- PROBLEM REQUIREMENTS
In full and unchanged, set down the entries that follow, with no images.

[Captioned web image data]
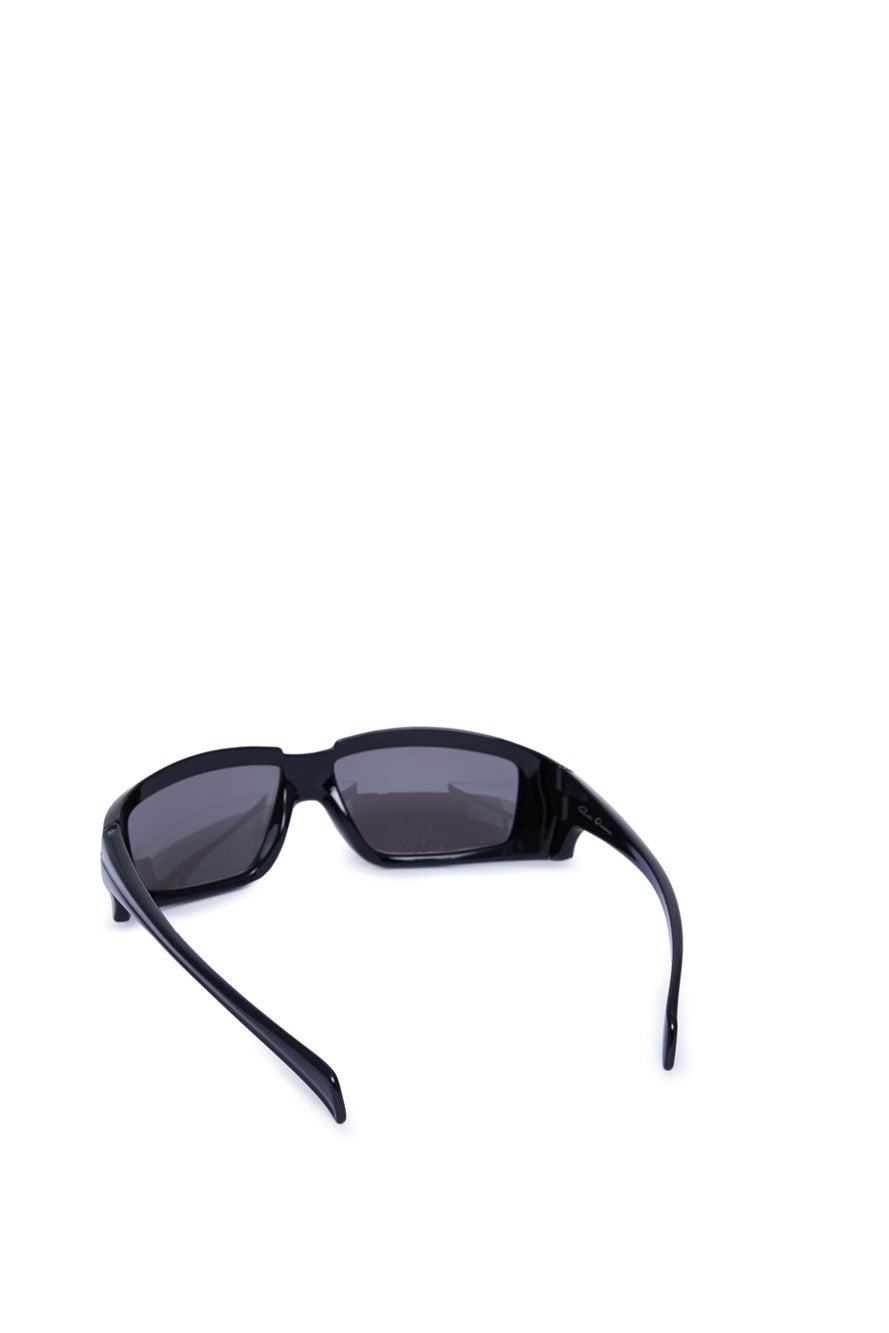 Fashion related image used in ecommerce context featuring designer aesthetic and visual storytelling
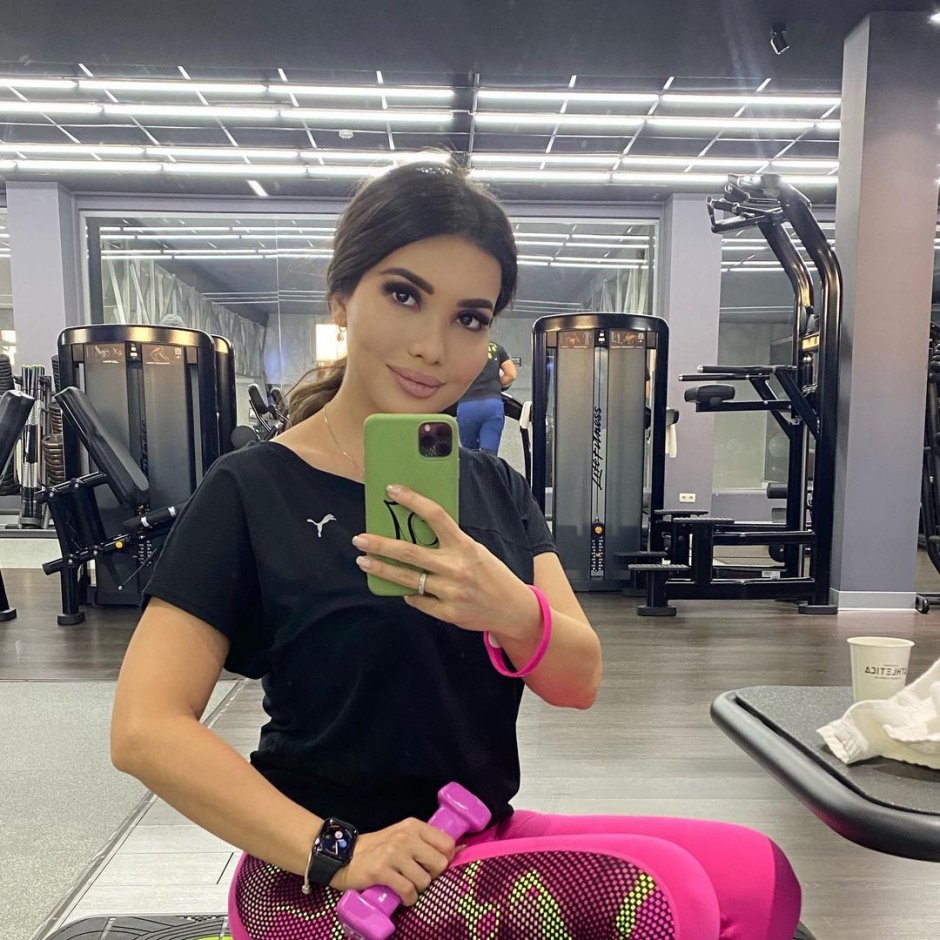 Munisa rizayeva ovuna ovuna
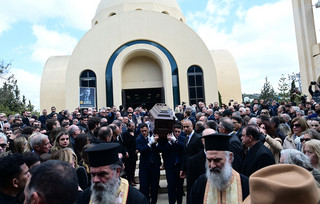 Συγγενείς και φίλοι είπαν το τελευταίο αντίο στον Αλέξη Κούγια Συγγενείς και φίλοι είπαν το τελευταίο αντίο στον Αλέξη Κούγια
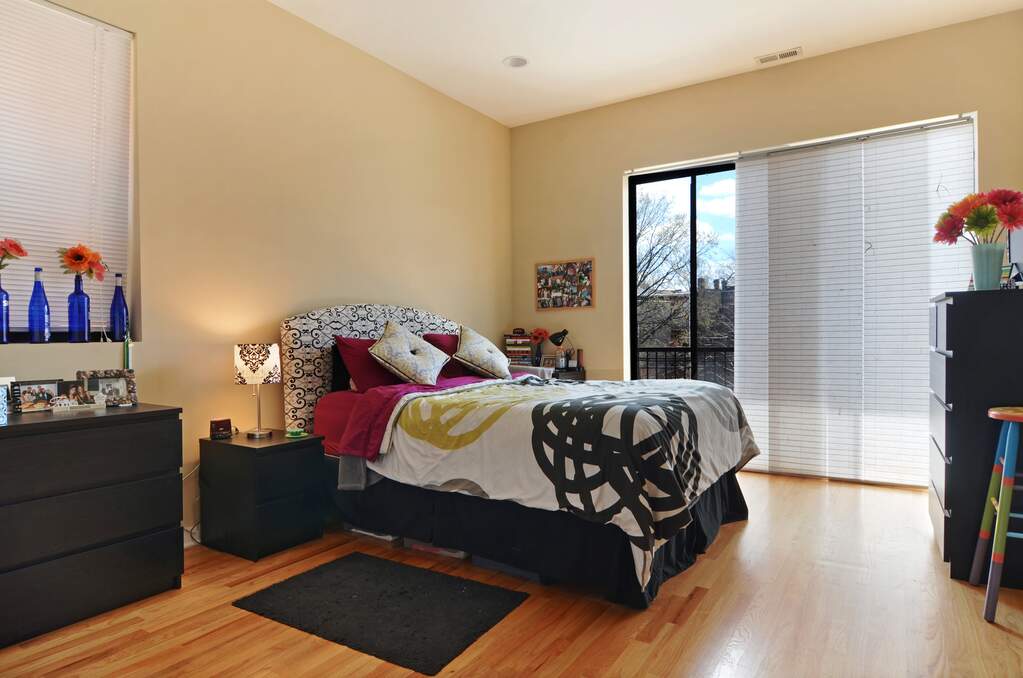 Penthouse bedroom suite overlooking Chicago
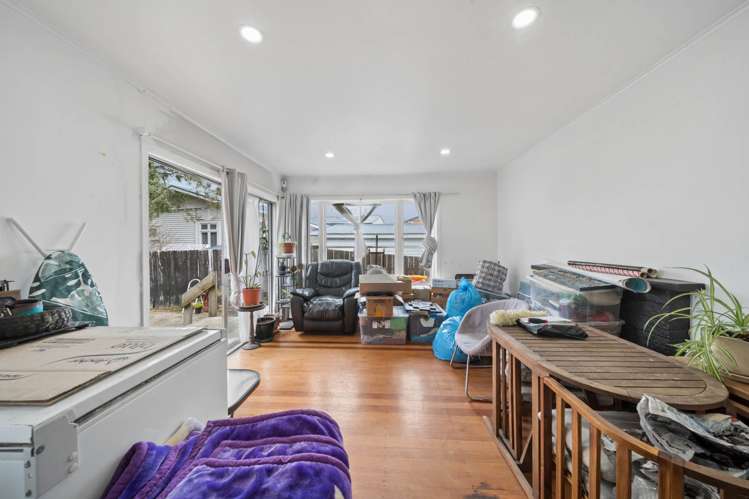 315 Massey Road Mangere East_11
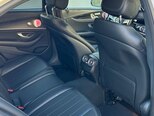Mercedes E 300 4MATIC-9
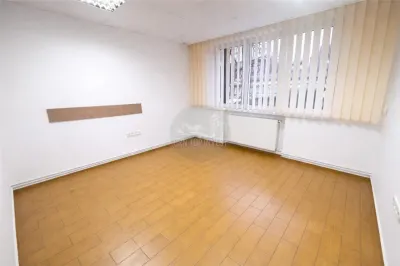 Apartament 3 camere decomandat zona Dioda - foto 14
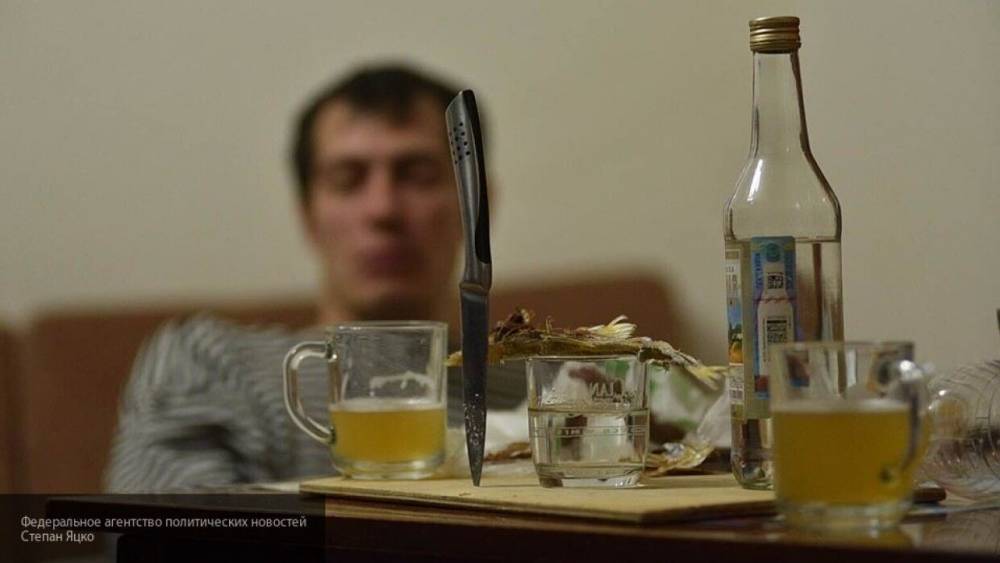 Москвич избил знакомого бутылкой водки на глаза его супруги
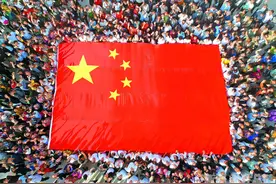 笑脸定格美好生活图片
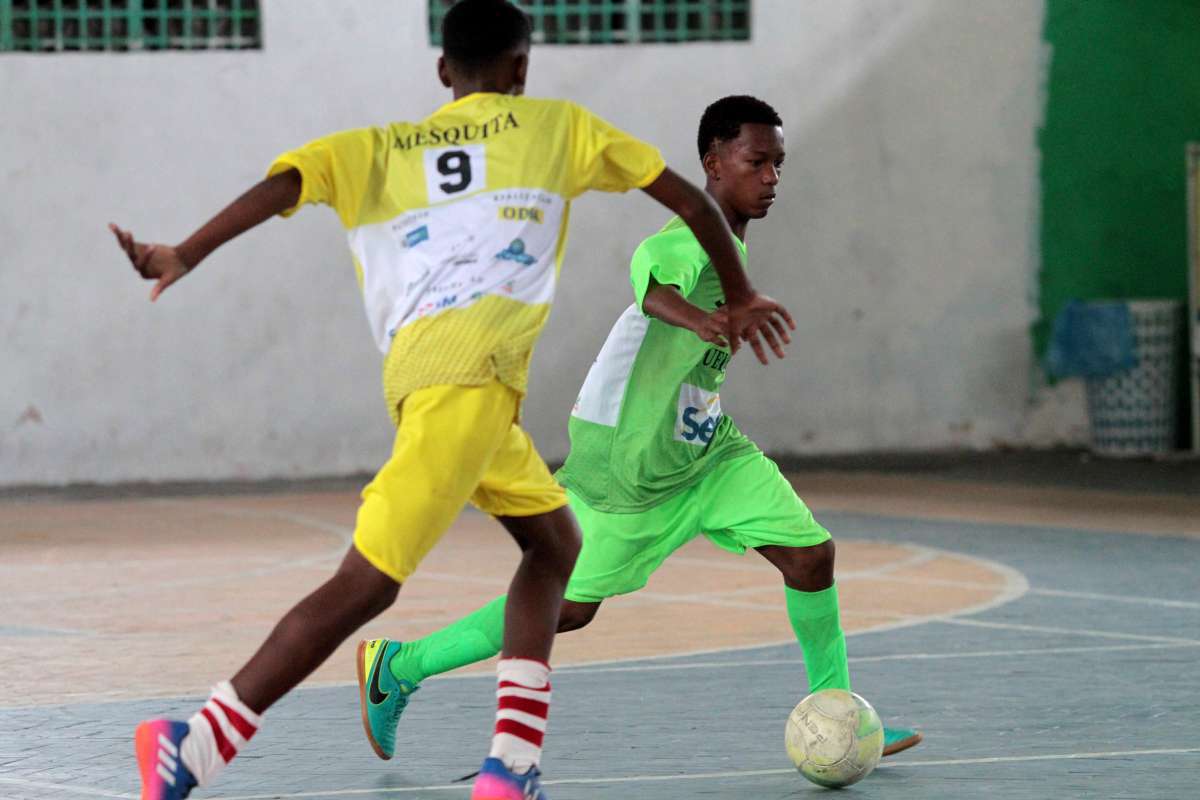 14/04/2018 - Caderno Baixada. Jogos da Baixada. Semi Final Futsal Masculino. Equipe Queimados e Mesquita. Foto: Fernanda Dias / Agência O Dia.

- WRITTEN ANSWER
 Fashion related image used in ecommerce context featuring designer aesthetic and visual storytelling
 Munisa rizayeva ovuna ovuna
 Συγγενείς και φίλοι είπαν το τελευταίο αντίο στον Αλέξη Κούγια Συγγενείς και φίλοι είπαν το τελευταίο αντίο στον Αλέξη Κούγια
 Penthouse bedroom suite overlooking Chicago
 315 Massey Road Mangere East_11
Mercedes E 300 4MATIC-9
 Apartament 3 camere decomandat zona Dioda - foto 14
 Москвич избил знакомого бутылкой водки на глаза его супруги
 笑脸定格美好生活图片
 14/04/2018 - Caderno Baixada. Jogos da Baixada. Semi Final Futsal Masculino. Equipe Queimados e Mesquita. Foto: Fernanda Dias / Agência O Dia.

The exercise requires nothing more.